• [Problem details]
Everything from the line that contains "Glaswandige Besprechungskabine mit" to the final line of the data, both ends included, must be set down exactly, apart from the pictures.

• [Given information]

==*==

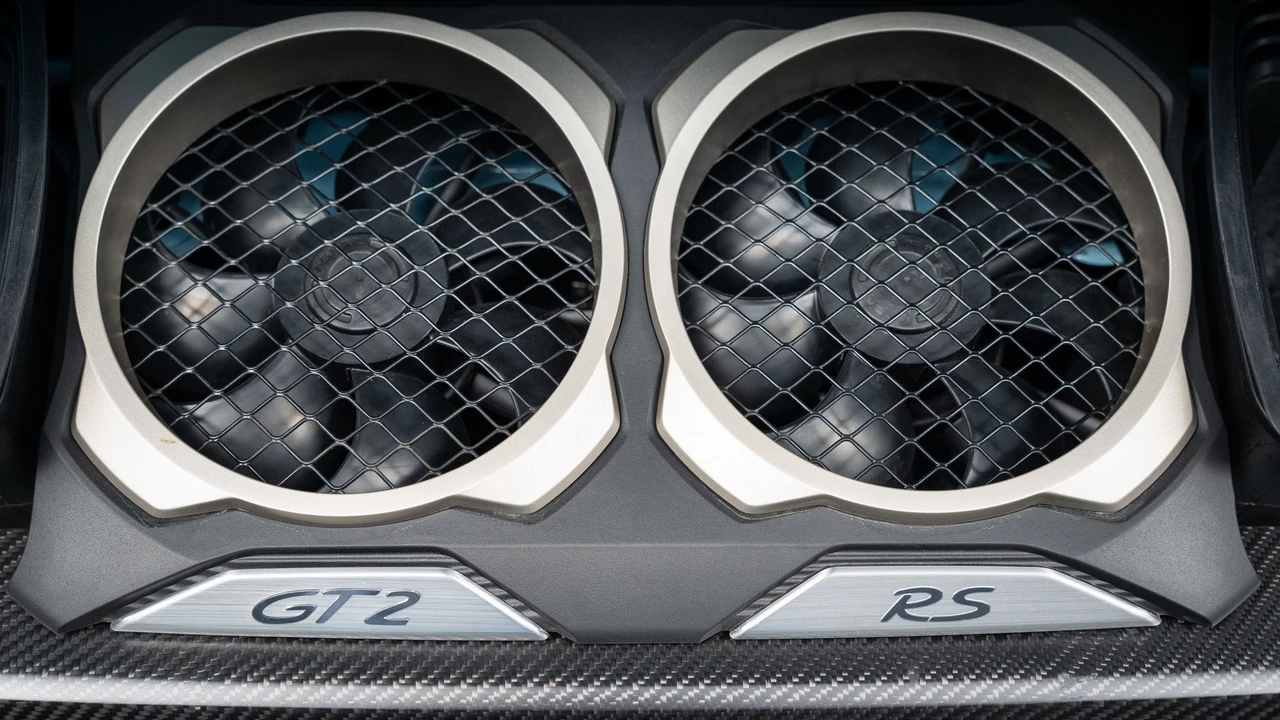 2018 Porsche 991 GT2 RS - Image 12 of 15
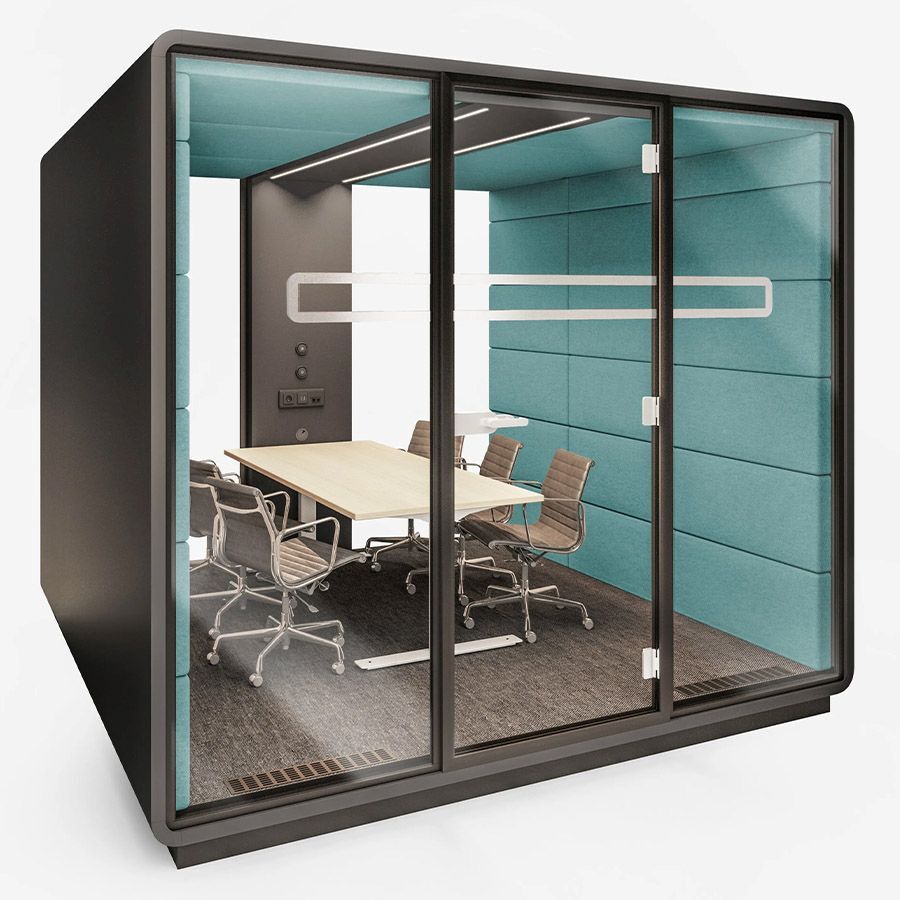 Glaswandige Besprechungskabine mit ergonomischen Stühlen und blau gepolsterten Wänden, ideal für moderne Büros.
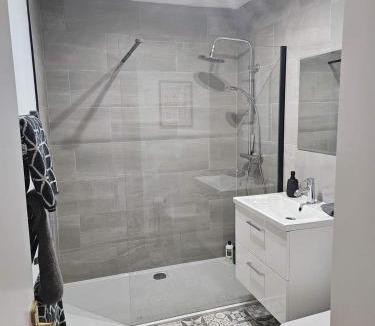 Carrickfergus Apartment | Cosy at the castle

==*==

• [Task output]
 Glaswandige Besprechungskabine mit ergonomischen Stühlen und blau gepolsterten Wänden, ideal für moderne Büros.
 Carrickfergus Apartment | Cosy at the castle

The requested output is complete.